Une récente image du corps interstellaire 3I/ATLAS, prise par la sonde européenne explorant les lunes glacées de Jupiter, révèle des détails fascinants, de sa vitesse extrême à sa structure atypique. Une exploration de cette comète alien offre un aperçu des mystères du système solaire.

L’objet interstellaire 3I/ATLAS pris par la sonde Jupiter Icy Moons Explorer de l’Agence Spatiale Européenne (ESA). Crédit : ESA/Juice/NavCam
Le dimanche 2 novembre, à trois jours de son passage au périhélie, l’objet interstellaire 3I/ATLAS a été photographié par la sonde Jupiter Icy Moons Explorer de l’ESA, actuellement en route vers les lunes glacées de Jupiter. L’image, en fait un extrait d’un fichier complet, montre des détails intéressants de la comète : la chevelure de gaz qui l’entoure, une traînée de plasma orientée vers le haut, et probablement une faible traînée de poussières dirigée vers le bas. Ces caractéristiques montrent que 3I/ATLAS possède tous les éléments que l’on observe habituellement chez les astres cométaires parcourant le système solaire, à l’exception de certaines différences dues à son long voyage de plusieurs milliards d’années sans influence gravitationnelle d’autres étoiles.

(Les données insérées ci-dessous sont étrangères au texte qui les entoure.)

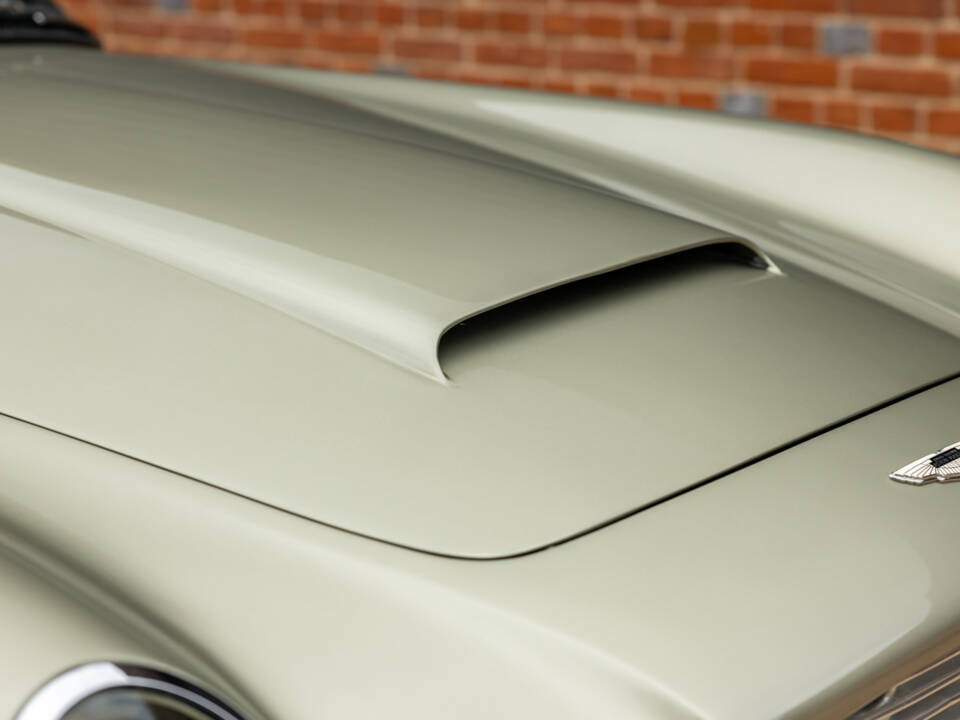 Immagine 27/57 di Aston Martin DB 6 Volante (1969)
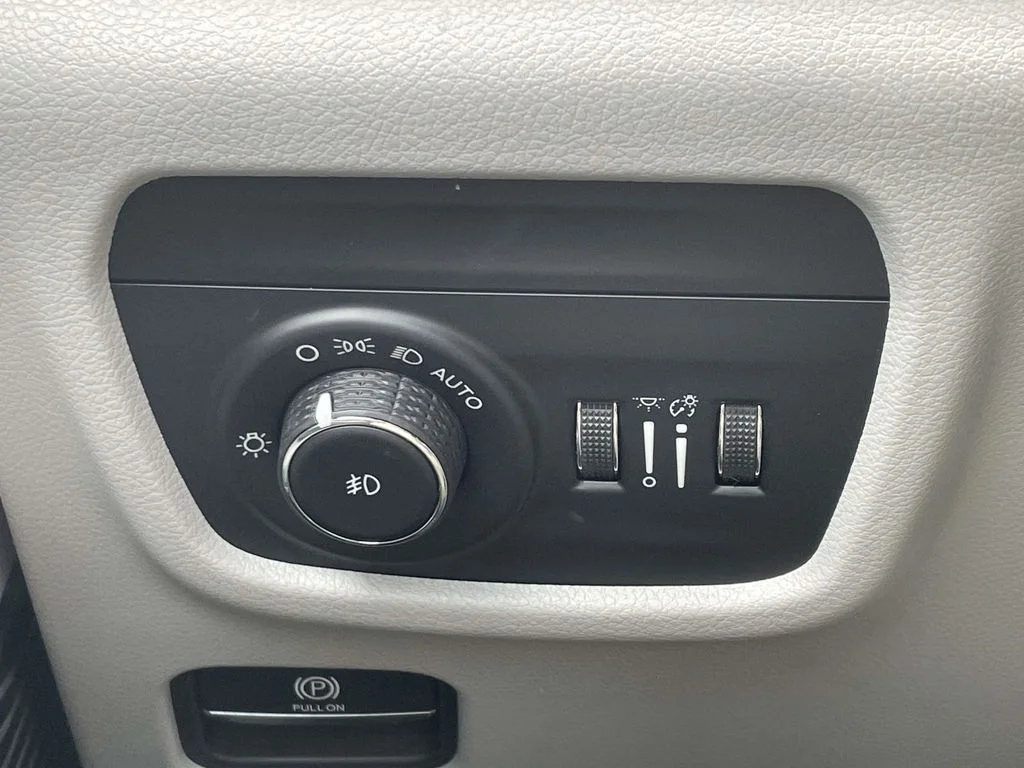 Certified Used 2022 Gray Jeep Overland image 25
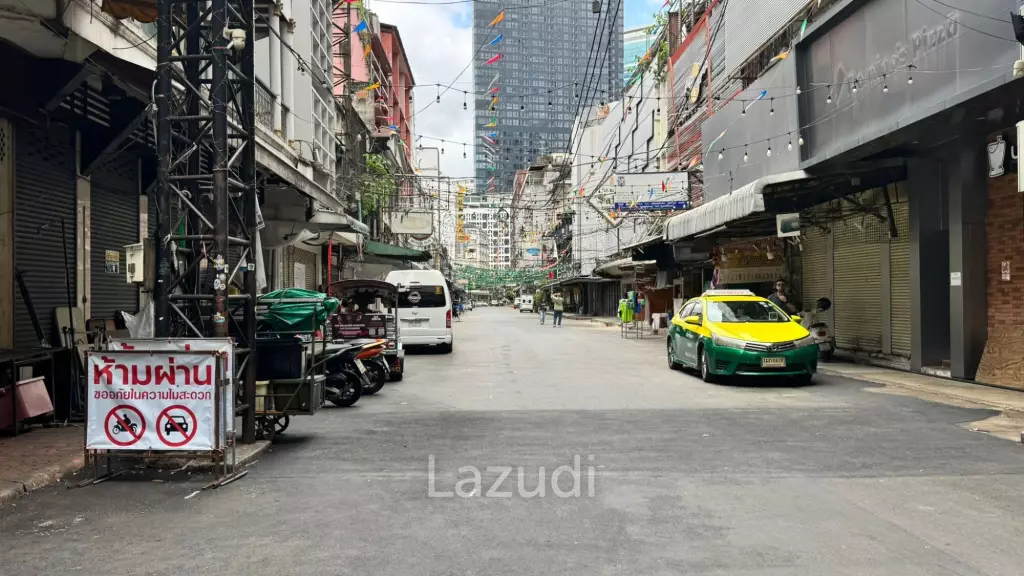 Spacious Retail Space in Prime Bang Rak Location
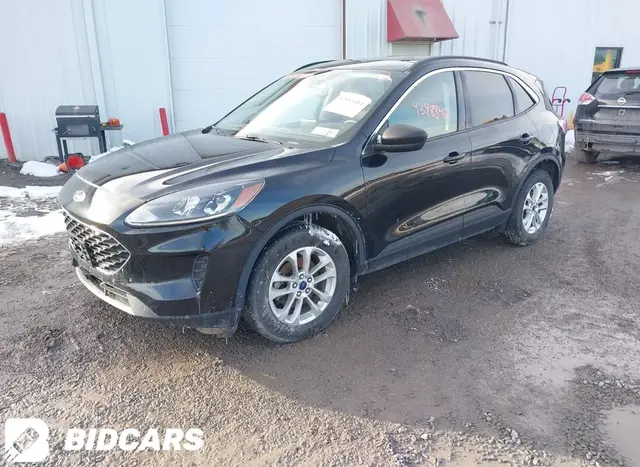 FORD ESCAPE SE 2022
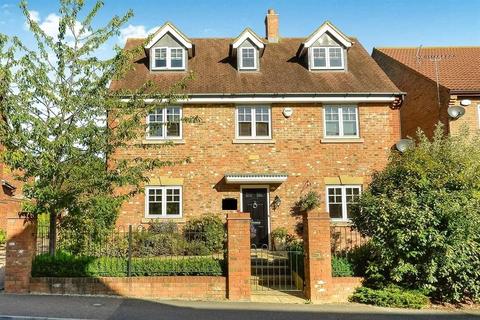 5 bedroom detached house for sale, Garwood Crescent, Grange Farm, Milton Keynes, Buckinghamshire, MK8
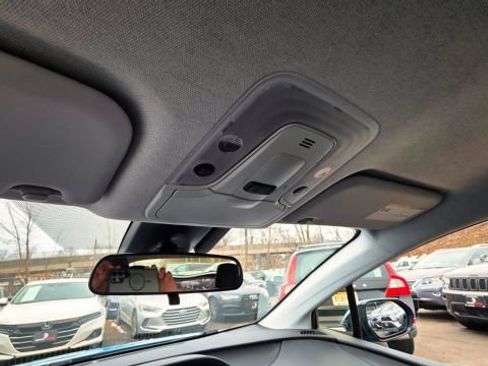 Used 2018 Toyota Prius Prime Plus image 12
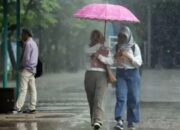 Hari Ini, BMKG: Masyarakat agar Waspada Potensi Cuaca Ekstrem Hujan Turun Merata Disertai Petir dan Angin Kencang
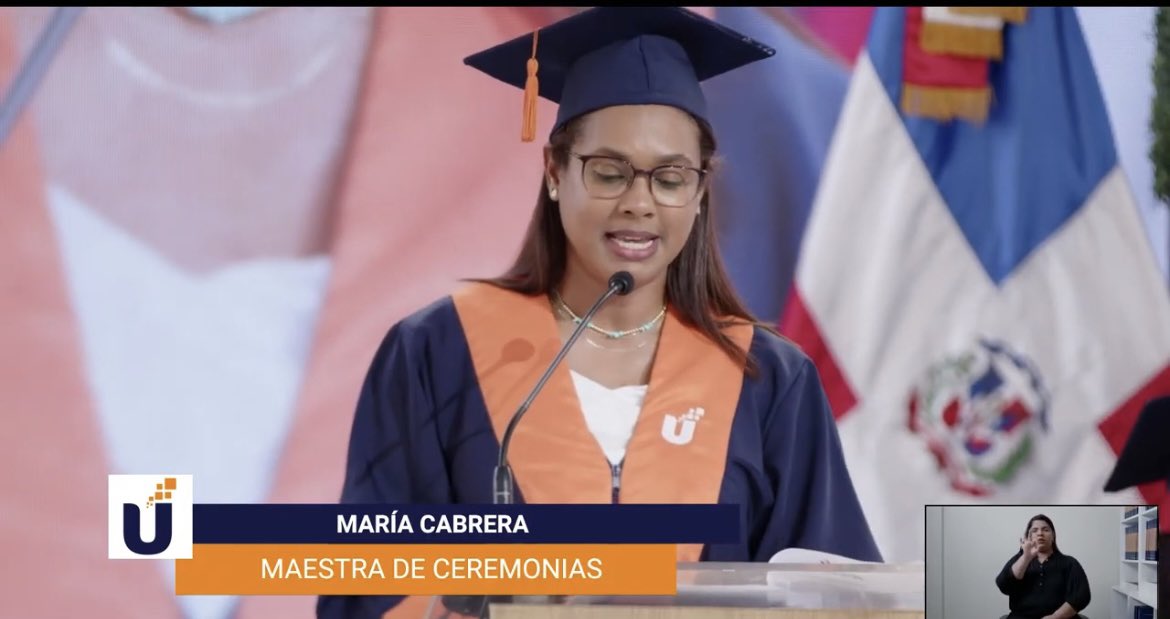 MMariaCabrera's tweet photo. Los procesos para cada quien es distinto, a su tiempo, bajo los planes de Dios, tanto por agradecer… ✨ abraza tus logros, y sigue trabajando… 

Gracias a la @UAPATEINFORMA por permitirme conducir la Sexagésima Octava Graduación Ordinaria. https://t.co/iMBSNcgT28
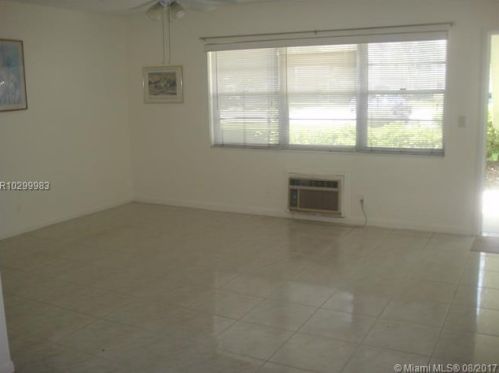 50 Norwich C, West Palm Beach, FL 33417-7906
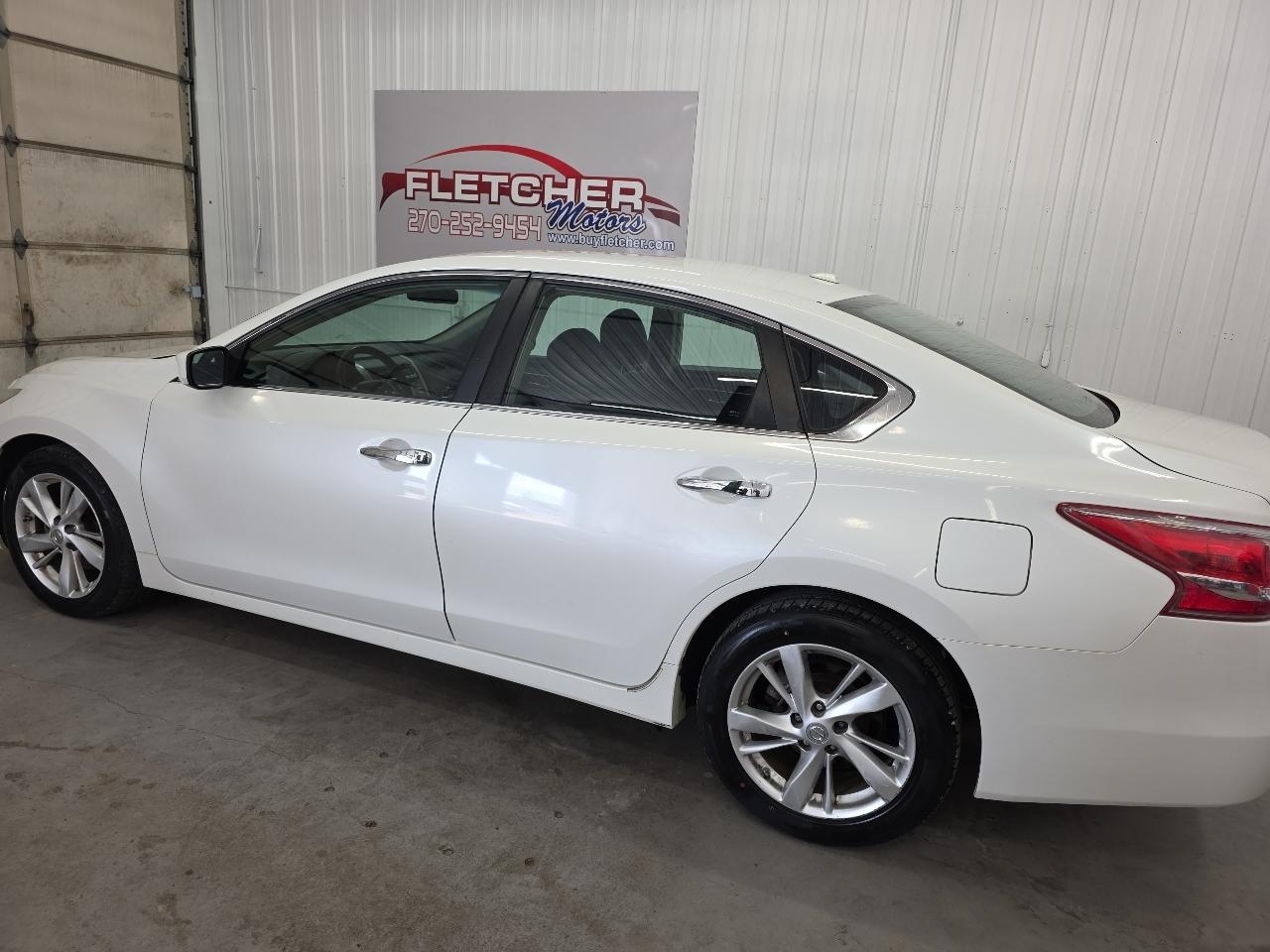 Nissan Altima 4dr Sdn I4 2.5 SV 2013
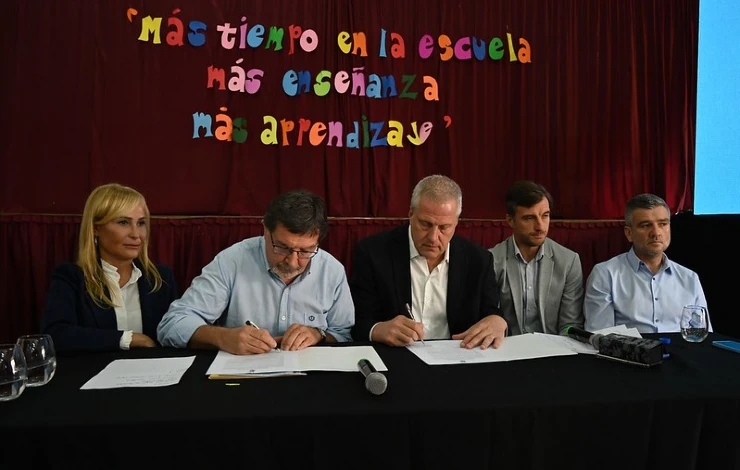 provincia-sileoni-perczyk-convenio-horas-clase-ghi-zabaleta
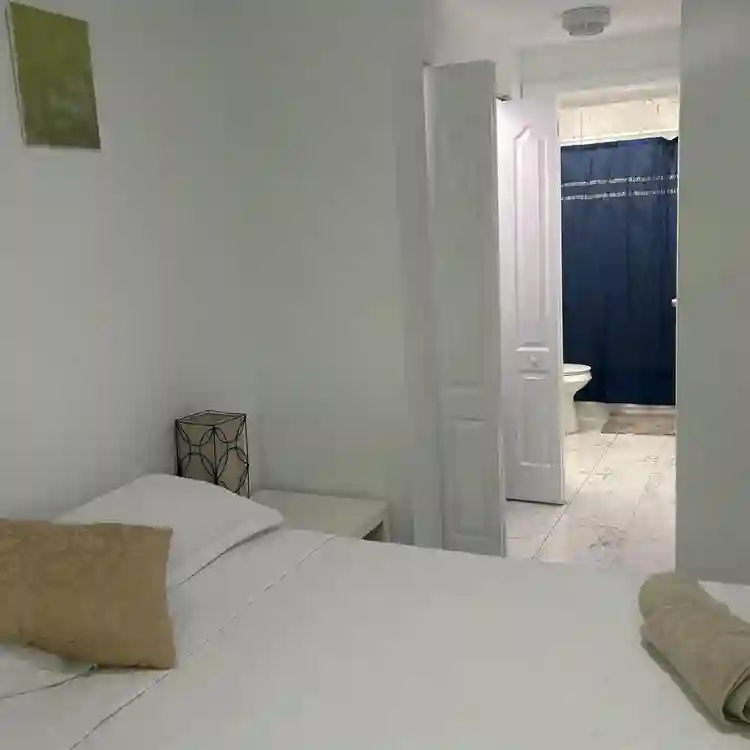 Habitación Amoblada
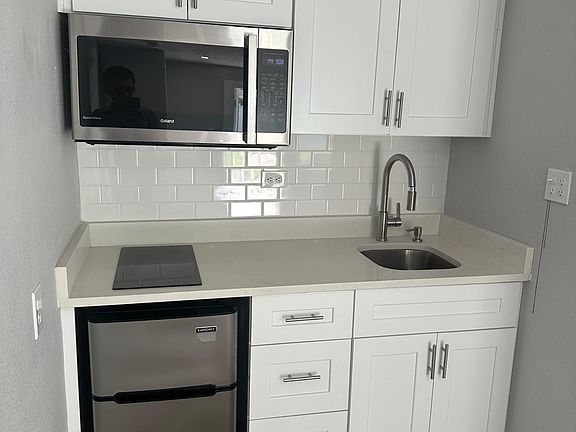 2nd image of 1858 Cornell Ave APT 4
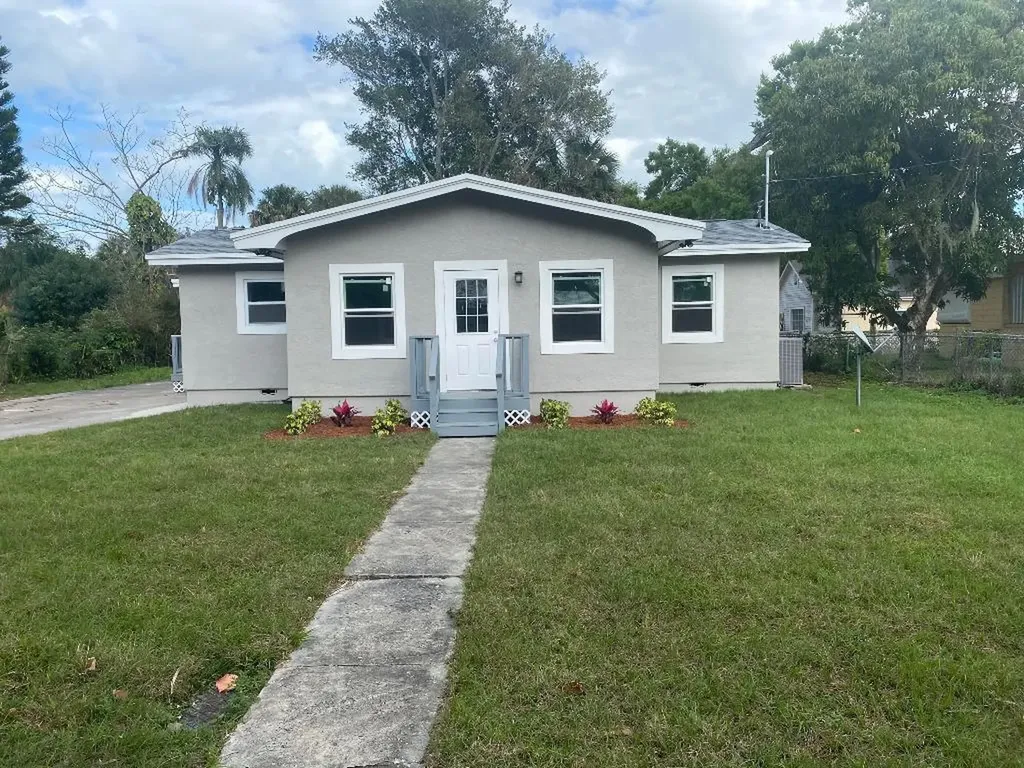 712 S 9th Street Fort Pierce FL 34950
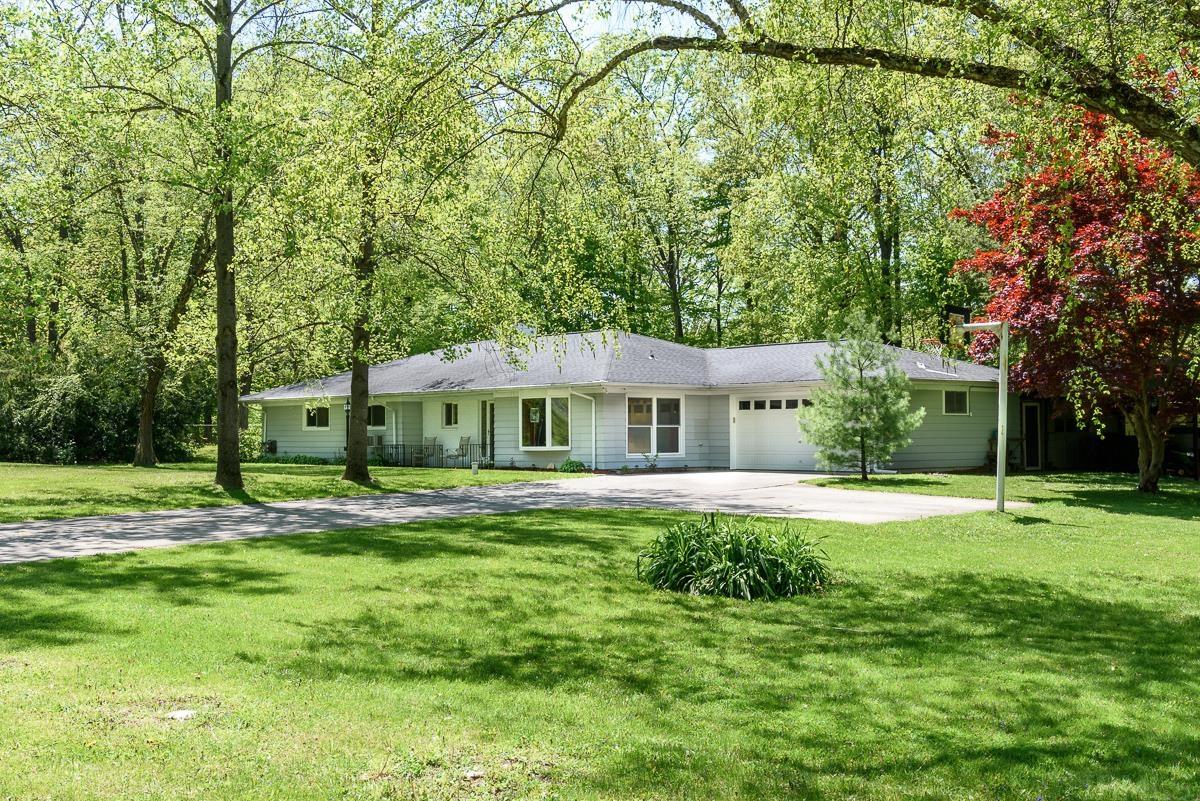 16021 Canyon Ridge Road Leo, IN 46765 - Photo 2 of 36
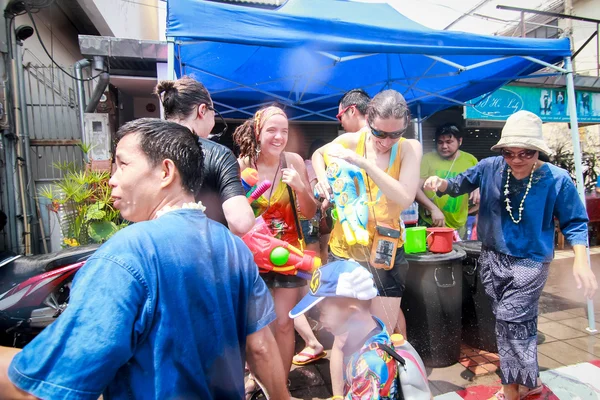 CHIANG MAI THAILAND-ABRIL 13: Chiang mai Festival de Songkran. Forei. — Fotografia de Stock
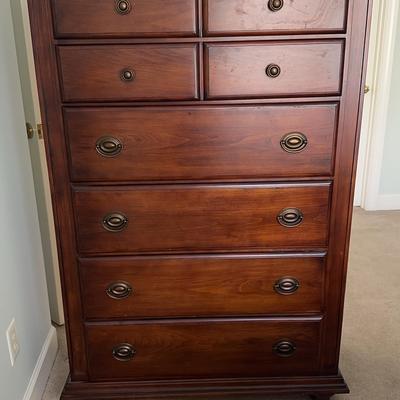 Broyhill Chest Of Drawers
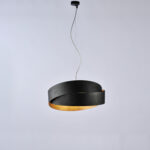 Sospensione in ferro laccato nero con con decorazione esterna nera e decorazione interna oro antico e cavo in acciaio regolabile 2 luci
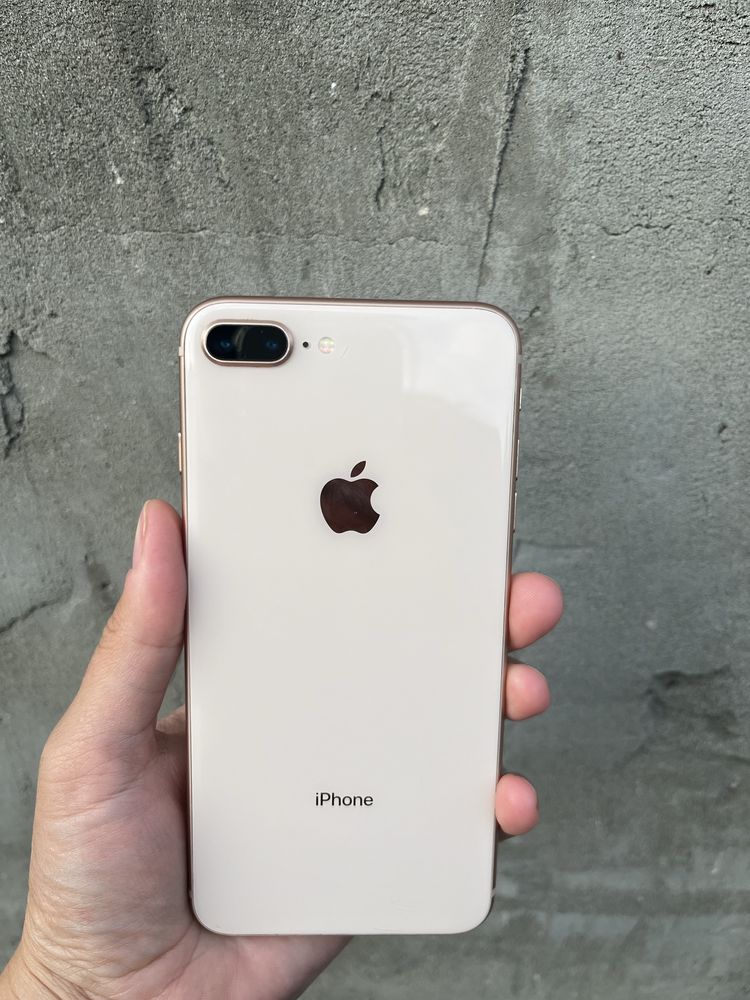iPhone 8 plus 64gb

L’objet interstellaire 3I/ATLAS, capturé par la sonde Jupiter Icy Moons Explorer de l’ESA, avec des détails sur la chevelure et les traînées. Crédit : ESA/Juice/NavCam
Un détail marquant de 3I/ATLAS est sa vitesse extraordinaire, environ 220 000 km/h au moment de la découverte et presque 250 000 km/h au périhélie, soit un peu plus de 68 kilomètres par seconde. Cela indique que ce visiteur interstellaire peut théoriquement parcourir la distance entre Milan et Bergame, Rome et Latina, ainsi que Naples et Caserte en une seule seconde. Un article récent publié sur Medium par le physicien et astronome d’Harvard, Avi Loeb, commente que la vitesse de 3I/ATLAS, comparée à celle de la sonde Jupiter Icy Moons Explorer ayant pris la dernière image, est prodigieuse. Ce scientifique a noté que le visiteur interstellaire atteindra la région de Jupiter en mars 2026, tandis que la sonde ne réclamera le géant gazeux qu’en 2031, après leur rencontre à environ 66 millions de kilomètres de distance, survenue début novembre. Cette différence illustre la rapidité de ce visiteur face à une sonde fabriquée par l’homme.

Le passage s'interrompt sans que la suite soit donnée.